EIGHTH AMENDMENT TO PURCHASE AND SALE AGREEMENT
Exhibit 10.24
EIGHTH AMENDMENT TO
THIS EIGHTH AMENDMENT TO PURCHASE AND SALE AGREEMENT (this “Amendment”) dated as of August 31, 2006, is entered into by and between KBS XXXXXXX PLAZA, LLC, a Delaware limited liability company (“Buyer”), and THF PLAZA OFFICE, L.L.C., a Missouri limited liability company (“Seller”), with reference to the following recitals:
RECITALS
A. Seller and KBS Capital Advisors LLC, a Delaware limited liability company (“Original Buyer”), have heretofore entered into that certain Purchase and Sale Agreement, dated May 2, 2006, as amended by that certain First Amendment to Purchase and Sale Agreement, dated June 14, 2006, as further amended by that certain Second Amendment to Purchase and Sale Agreement dated July 6, 2006, as further amended by that certain Third Amendment to Purchase and Sale Agreement dated July 20, 2006, as further amended by that certain Fourth Amendment to Purchase and Sale Agreement dated July 31, 2006 (the “Fourth Amendment”), as further amended by that certain Fifth Amendment to Purchase and Sale Agreement dated August 21, 2006, as further amended by that certain Sixth Amendment to Purchase and Sale Agreement dated August 28, 2006, and as further amended by that certain Seventh Amendment to Purchase and Sale Agreement dated August 29, 2006 (as amended, the “Purchase Agreement”).
B. Pursuant to that certain Assignment and Assumption of Purchase Agreement, dated as of August 11, 2006 (the “Assignment and Assumption Agreement”), between Original Buyer and Buyer, Original Buyer assigned all of its interest in the Purchase Agreement to Buyer.
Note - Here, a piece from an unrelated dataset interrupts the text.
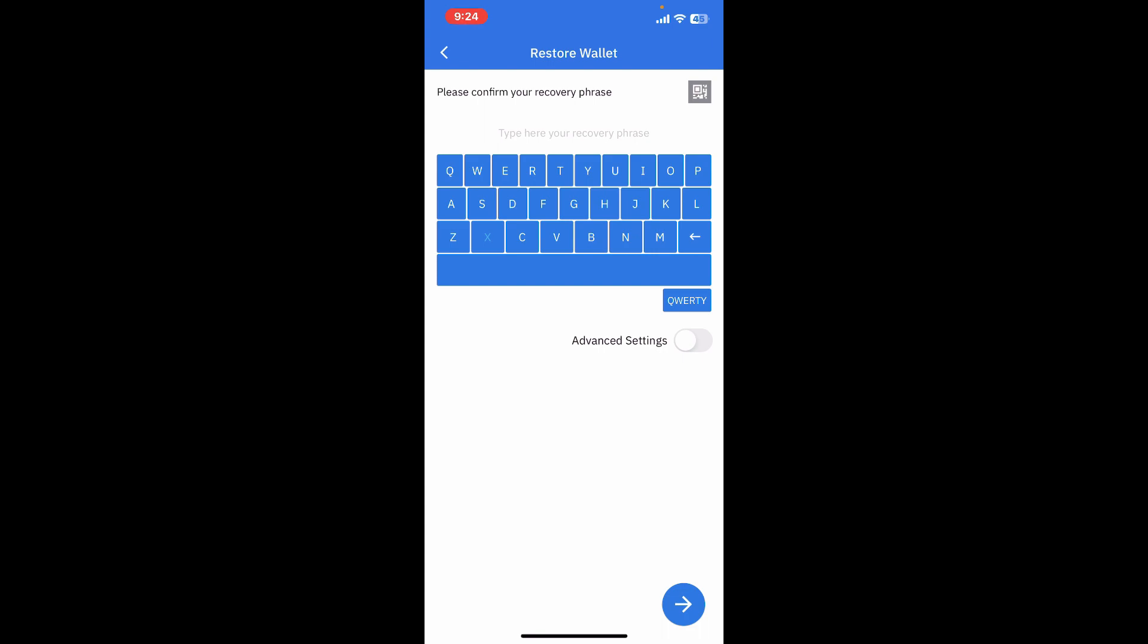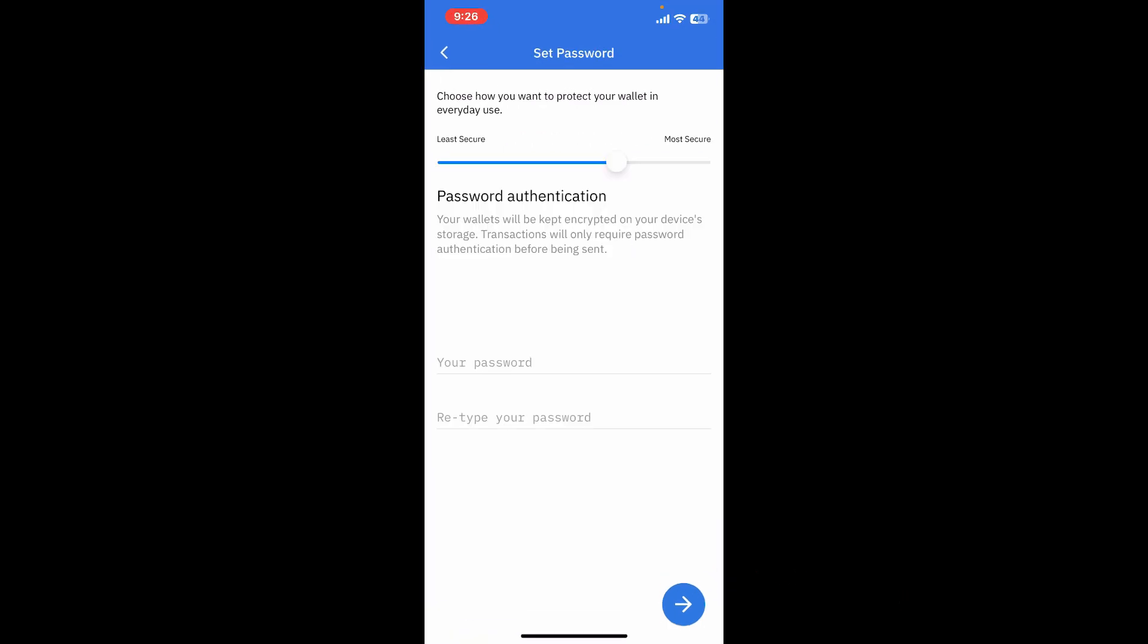With the help of this keyboard, simply type down the recovery phrases in the correct order on this page and tap on the arrow at the bottom right corner.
All initially-capitalized terms not otherwise defined herein shall have the meanings set forth in the Purchase Agreement unless the context clearly indicates otherwise.
C. Seller and Buyer mutually desire to amend the Purchase Agreement as provided below.
NOW, THEREFORE, for good and valuable consideration, the receipt and sufficiency of which are hereby acknowledged, the parties hereto hereby agree as follows:
AGREEMENT
1. Expiration of Due Diligence Period. Buyer acknowledges and agrees that it shall have no further right to terminate the Purchase Agreement pursuant to Section 4.2.1 (b) or Section 5.3 of the Purchase Agreement.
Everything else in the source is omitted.